Hyperparameters, on the other hand, are parameters of a learning algorithm and not the model itself. The number of hidden layers and the number of nodes are some of the examples of hyperparameters you can set for a neural network. The difference between model parameters and hyperparameters is that model parameters are learned during the training process, whereas hyperparameters are set prior to the training and remain constant during the training process.

Pain points

SageMaker automatic model tuning, also called hyperparameter tuning, runs many training jobs on your dataset using a range of hyperparameters that you specify. It can accelerate your productivity by trying many variations of a model. It looks for the best model automatically by focusing on the most promising combinations of hyperparameter values within the ranges that you specify. However, to get good results, you must choose the right ranges to explore.

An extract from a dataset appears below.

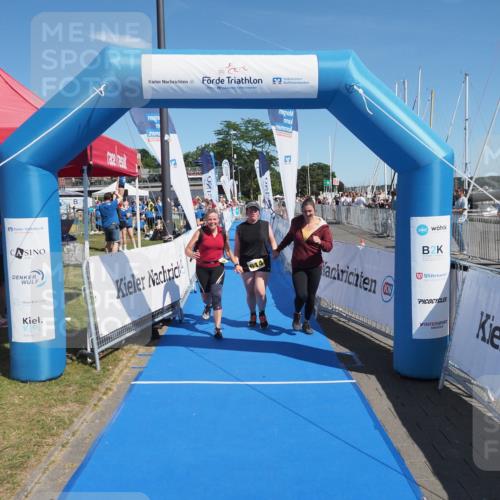 17.08.2025 - KN Förde Triathlon 2025 MichiJ http://msf.ph/oto/8608861 17.08.2025 12:30:42 Laufen 614 meine-sportfotos.de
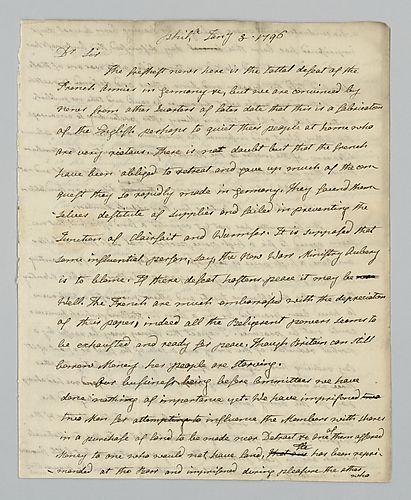 William Findley to Alexander Addison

But how do you know what the right range is to begin with? With hyperparameter tuning jobs, we are assuming that the optimal set of hyperparameters lies within the range that we specified. What happens if the chosen range is not right, and the optimal hyperparameter actually falls outside of the range?

Choosing the right hyperparameters requires experience with the ML technique you are using and understanding how its hyperparameters behave. It’s important to understand the hyperparameter implications because every hyperparameter that you choose to tune has the potential to increase the number of trials required for a successful tuning job. You need to strike an optimal trade-off between resources allocated to the tuning job and achieving the goals you’ve set.

The SageMaker Automatic Model Tuning team is constantly innovating on behalf of our customers to optimize their ML workloads. AWS recently announced support of new completion criteria for hyperparameter optimization: the max runtime criteria, which is a budget control completion criteria that can be used to bound cost and runtime. Desired target metrics, improvement monitoring, and convergence detection monitors the performance of the model and assists with early stopping if the models don’t improve after a defined number of training jobs. Autotune is a new feature of automatic model tuning that helps save you time and reduce wasted resources on finding optimal hyperparameter ranges.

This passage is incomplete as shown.